I realized the saddest fact the last couple of days.
That my life will literally never be as good as it once was.
You can’t debate it, it’s a fact. My peak times of happiness and pureness have passed and remain only in the pictures of when I was 7, 8, 9, 10 years old. Slowly things started spiraling down from 12…. It’s a pattern that I noticed as I was reflecting on my life. Those stupid life games began. Responsibilities began. Expectations began. And now I am a robot. Mechanically performing the same routine. Day in, day out. Playing this stupid game. Lifeless. Cold. Metal. Alone.

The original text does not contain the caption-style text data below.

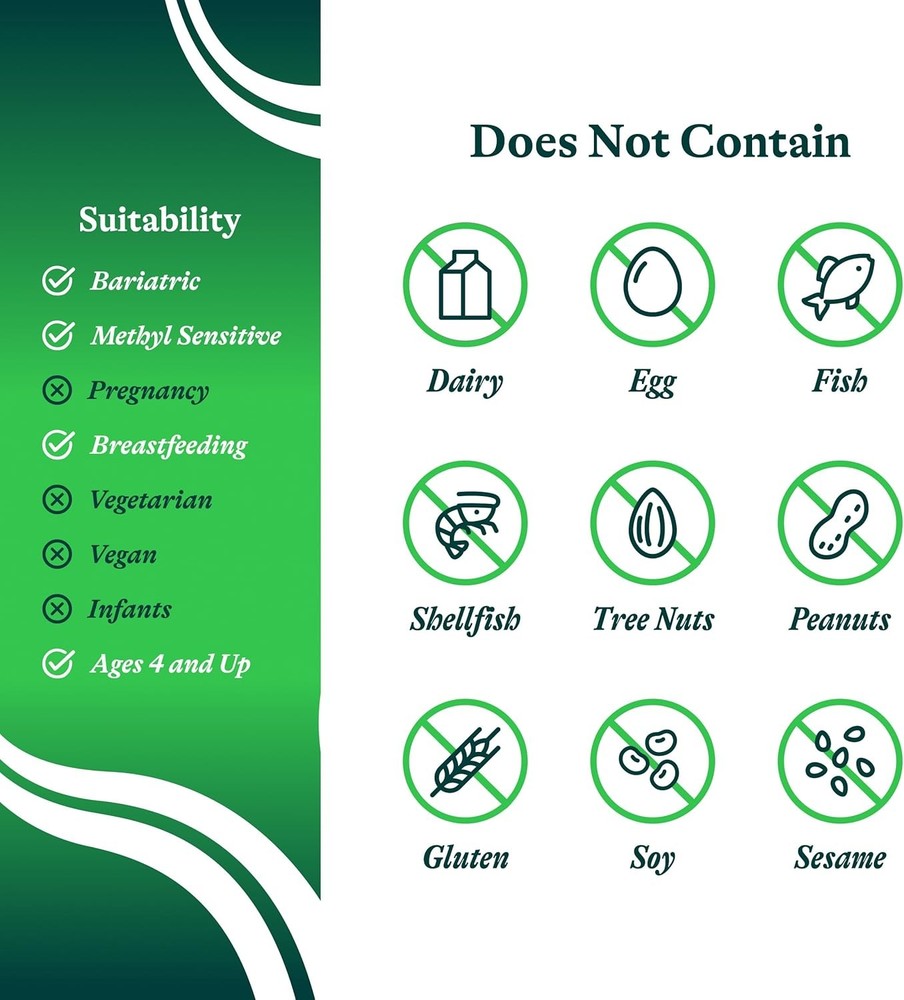 Bile Nutrients, Herbal Digestive Support for Healthy Gallbladder Function and Bi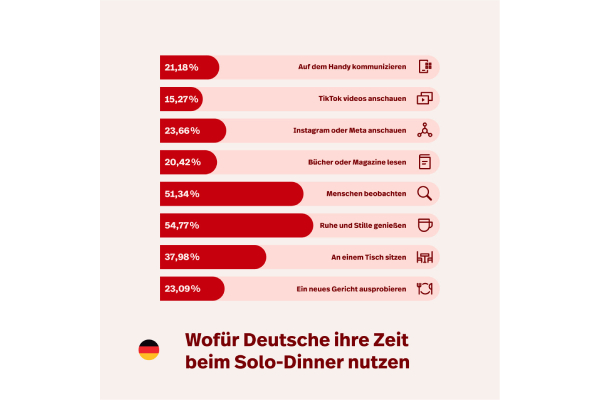 Wofür nutzen Deutsche ihre Zeit beim Solo-Dinner?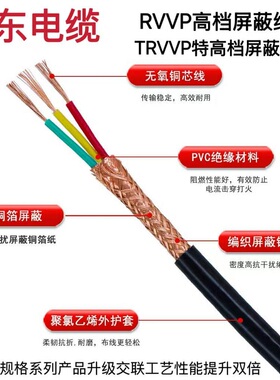 远东电缆RVVP屏蔽线KVVP2 3 4 5芯0.5TRVVP0.75 1 1.5平方2.5电线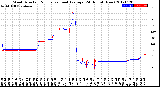 Milwaukee Weather Wind Direction<br>Normalized and Average<br>(24 Hours) (New)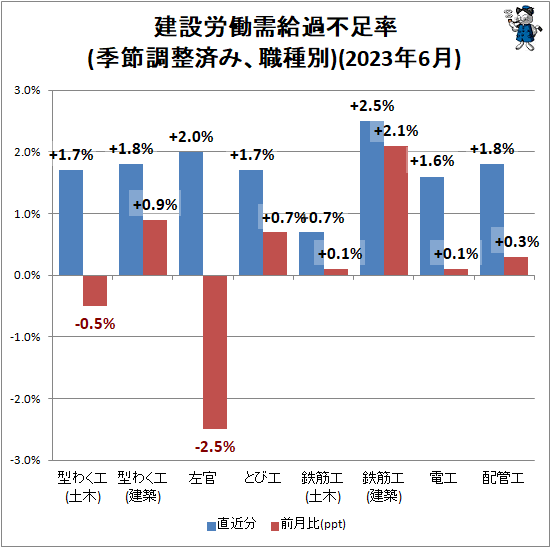 ↑ 建設労働需給過不足率(季節調整済み、職種別)(2023年6月)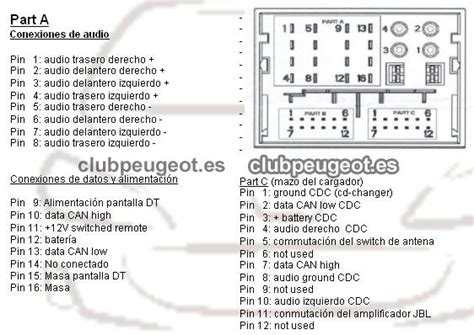 Peugeot Rd4 Wiring Diagram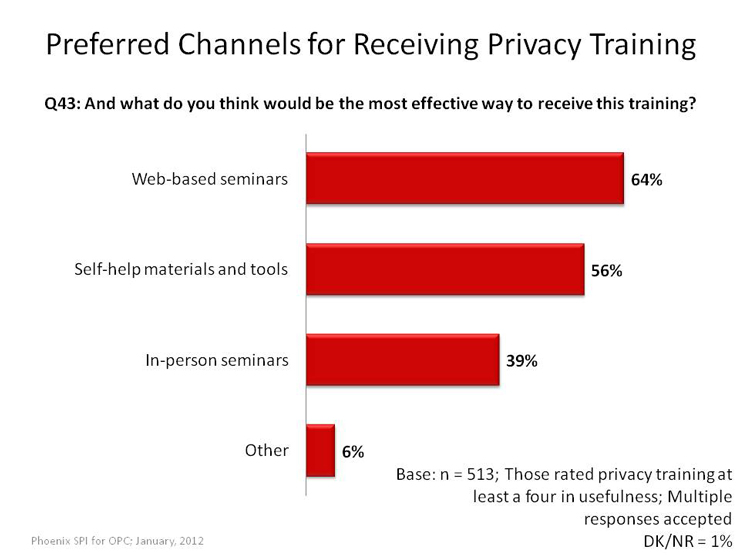 Preferred Channels for Receiving Privacy Training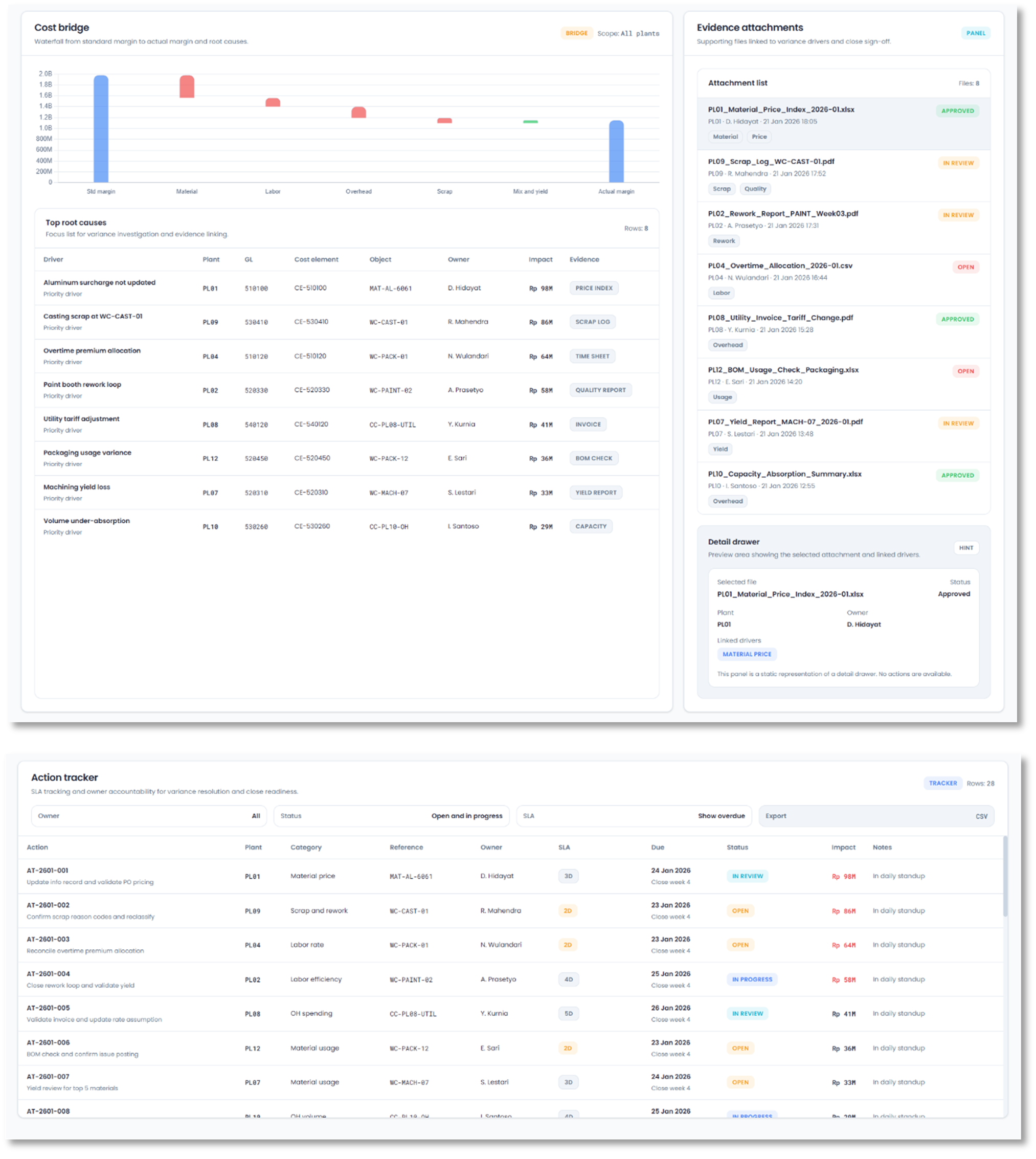 Profitability Control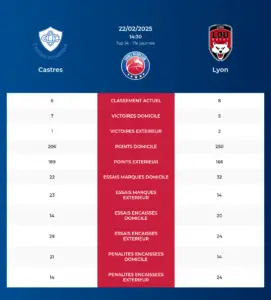 Castres-Lyon_pronostics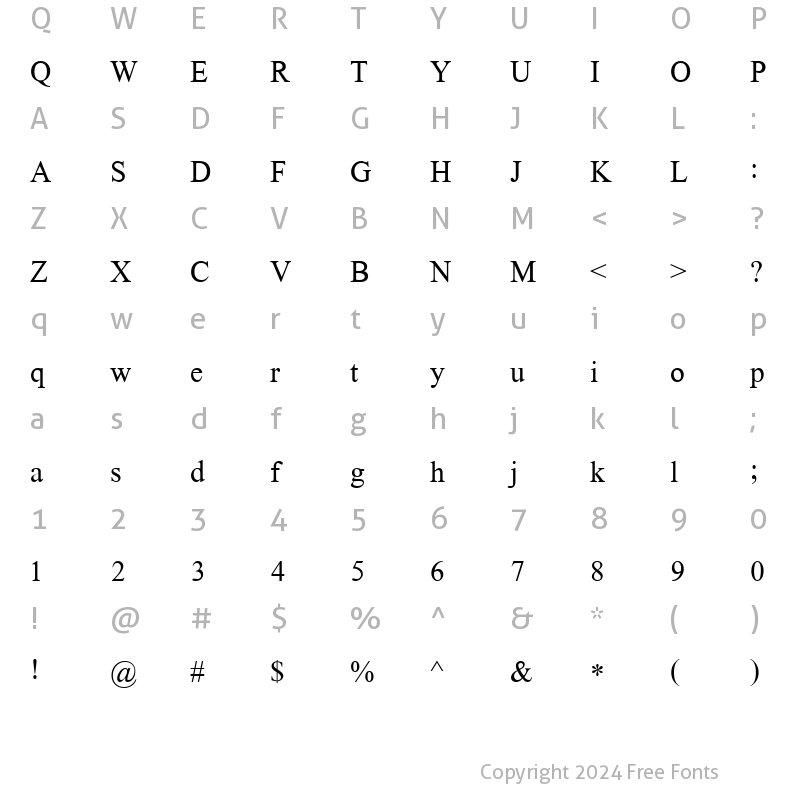 Character Map of GIST_UROTNabeel Regular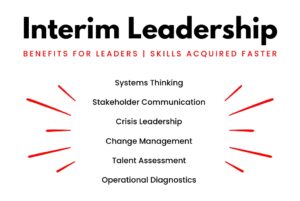 Interim Leadership Benefits for leaders: skills acquired; systems thinking, stakeholder communication, crisis leadership, change management, talent assessment, operational diagnostics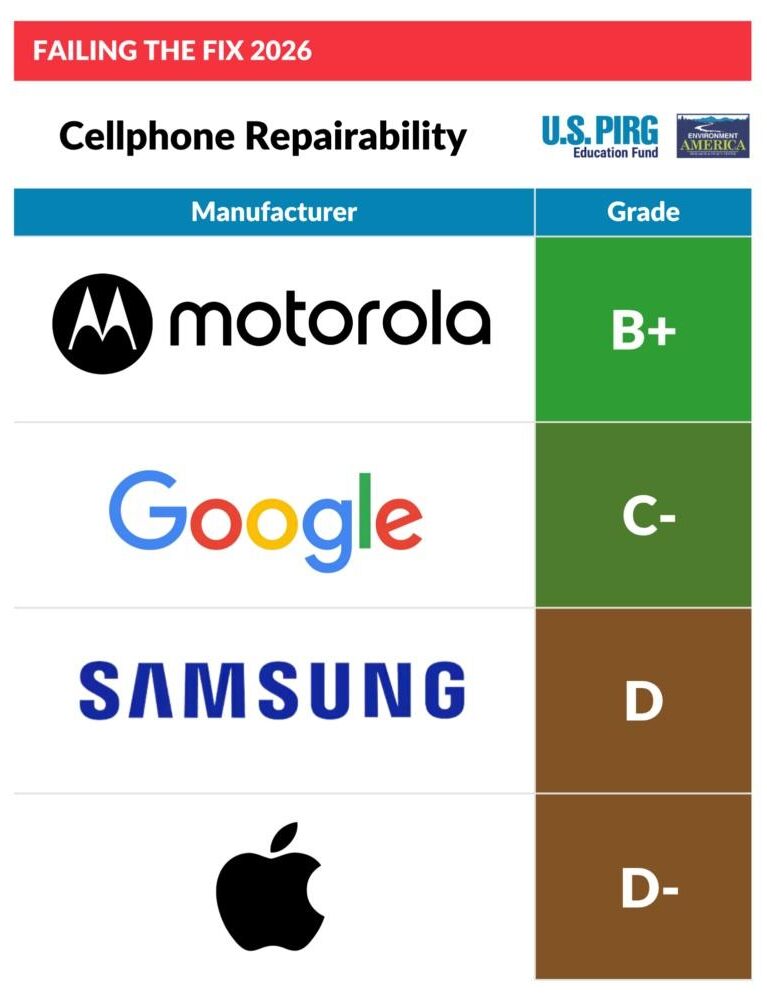 Opraviteľnosť smartfónov eú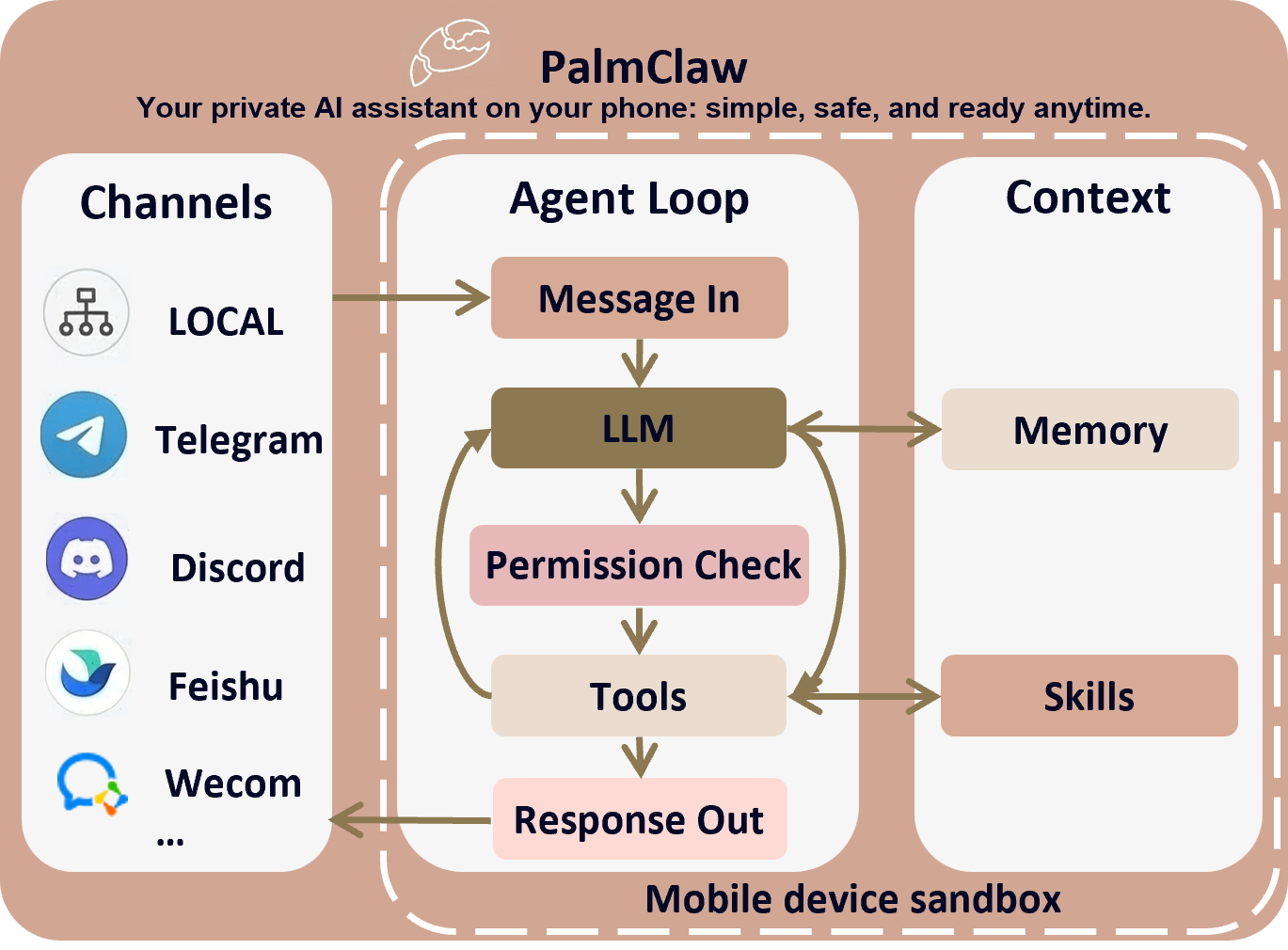 PalmClaw architecture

I’m getting to the point where I hate people . And I’m scared of them. And I’m bitter. And I don’t want anything to do with them. I WANT to be alone and fight away the feelings of longing for people, longing for the fixations I get, longing for the imaginary lovers and friends that I make up in my head. They’re all FAKE don’t you realize Nicole!! The people you make up in your mind don’t exist.
I want to be alone. I’m even determined to be alone at this point. I’m even determined to be a robot at this point. It’s clearly written out in the stars that this is how my life is meant to be, so I might as well release to it. I might as well embrace it. I’m going to be the best fucking robotic antisocial lonely individual this world has ever seen.